Yes, this man of mine could not countenance being defenceless and would buy a weapon and carry it illegally, even if, as he had jokingly threatened to, he started up a grass-cutting empire. To protect himself, his wife and his family. There would be a risk he would go to prison if found out. Certain policeman with whom he has had differences of opinion over the years would make it their business to find out. We would probably have to go and live abroad, perhaps in the States, where carrying firearms for personal protection is permitted.
I asked myself if Patrick would already have thought this and several other aspects of the problem through himself. I had an idea he had. Torn between my conclusions and the possibility that my worries were being a distraction to him I decided to suggest on the way home that we postpone all discussions until, one way or another, the O’Connor case was concluded.
When I did so Patrick hesitated and asked me if I was really sure. I was, and he agreed. I resolved to keep any fears I had to myself.
As was our habit, we called in to see Michael Greenway when we, or rather Patrick, arrived for work early on Monday morning.
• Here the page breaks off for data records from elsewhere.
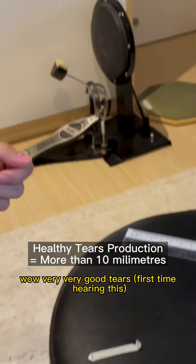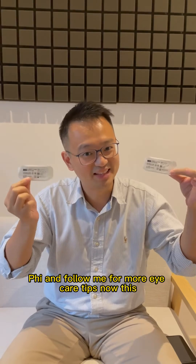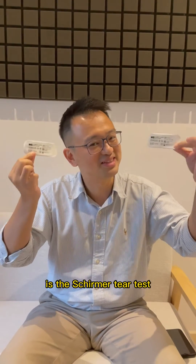Very very good tears! Hey guys, I'm Dr. Fai. Follow me for more eye care tips. Now this is the Schirmer tear test.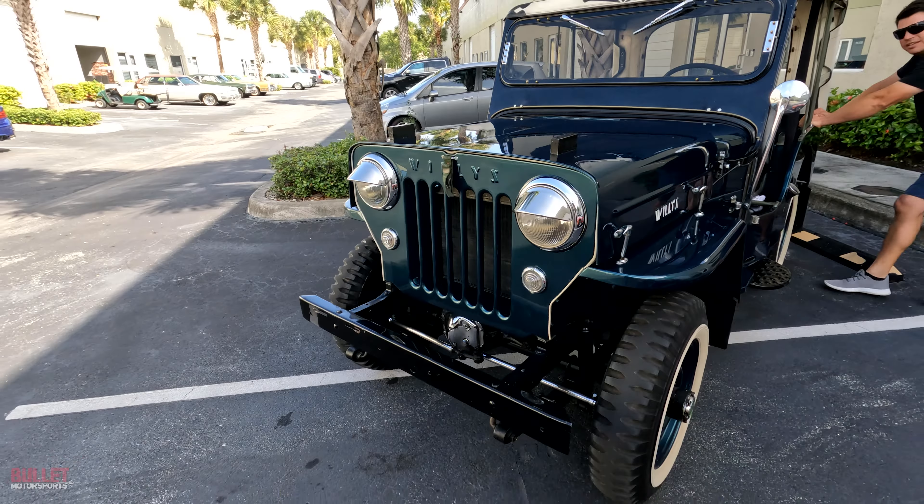It does have a full top that's completely custom — you're going to see that in the gallery. Right now we're running it with just the top portion. You can see all those metal braces there that hold it. Let's open up the hood.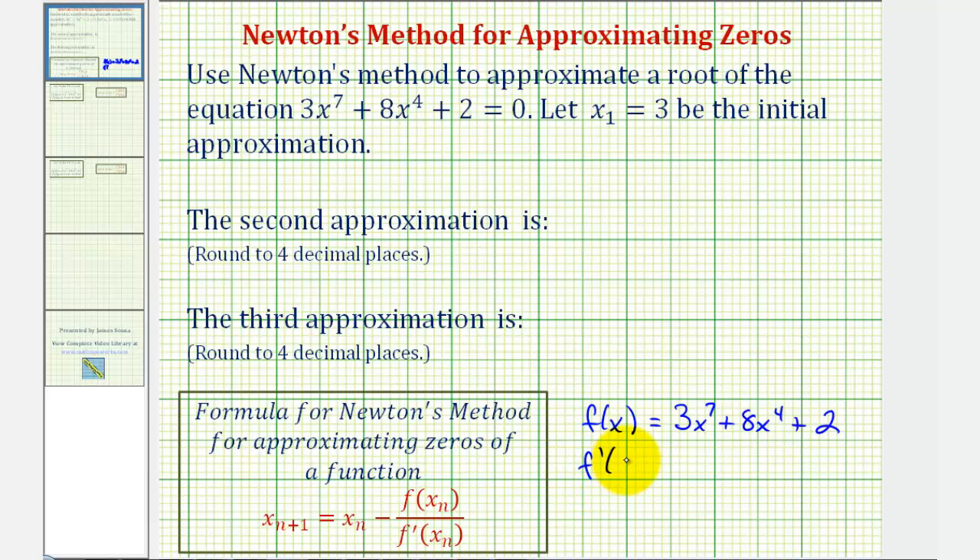f'(x) is equal to the derivative of 3x⁷, which is 21x⁶, plus the derivative of 8x⁴, which is 32x³, and the derivative of 2 is zero. So let's take these two functions to the next slide with our initial approximation and find the second and third approximations.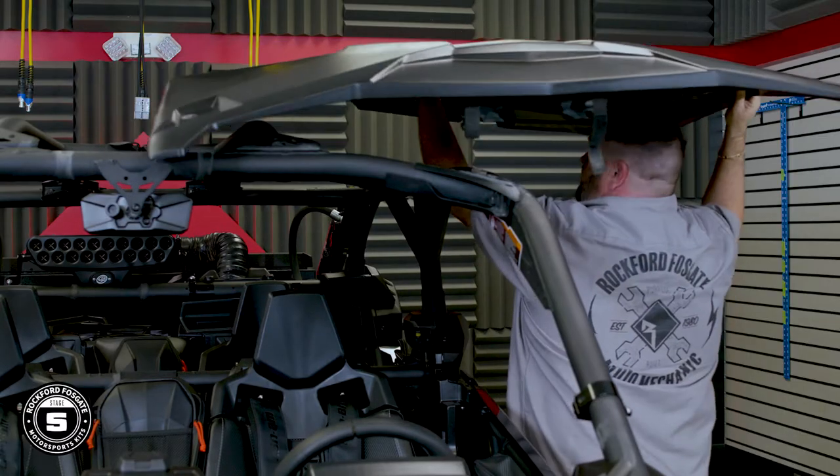On our X3, we went ahead and removed the roof and strapped the doors open so we can move our cameras easily in and out of the vehicle. These steps are not necessary for your installation. Before you get started, it's always a good idea to disconnect the power when working on any electronics.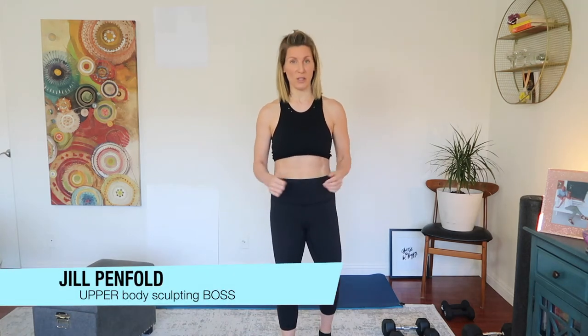Hey everyone, it's me Jill and welcome to your upper body strength circuit. We're going to start with some push-ups and then dive into a nice dumbbell circuit. Let's get started.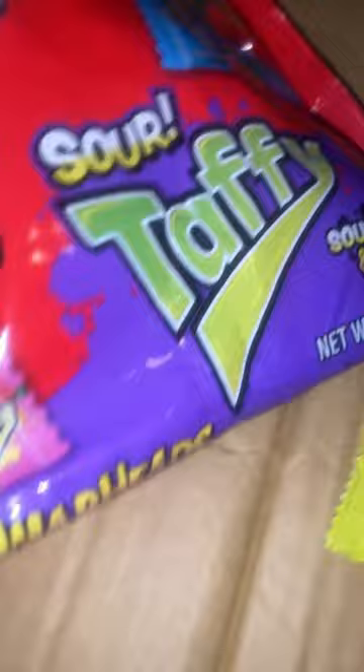Alright guys, so So Certified here. I did a video of these before, but it was the mixed brand of like two flavors in each. This time I got the single flavor ones. It is green apple, watermelon, and blue raspberry. It's only three flavors that come in the pack.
I intended to stay in London just for the day and return home the next, and was quite looking forward to the interview with the woman who was insisting she wasn’t Anne Peters.
‘Richard Daws wants to see you,’ Greenway said, his mind on something else. ‘Look, as you know, Patrick, I’m not a complaining kind of bloke but d’you think this bloody room is big enough for me to work in without going off my rocker?’
Patrick eyed it up and then said, ‘For anyone four foot nothing tall and fourteen inches wide it’s absolutely perfect.’
‘Thank you,’ said the commander, grabbing his desk phone. ‘I’ll tell ’em exactly that.’
‘I know you’re expected at Feltham police station later this morning,’ was Daws’s opening remark, ‘but I have a bit of news for you in connection with O’Connor.’
What didn’t this man know?
We seated ourselves and had to wait for a few moments while he tidied and put to one side some documents on his desk. I had to admit that this wasn’t a particularly large office either, but then noticed a couple of inner doors, suggesting that the room we were in might be the working area of a small apartment. Perhaps he lived here for part of the week and went back to Hartwood Castle the rest of the time.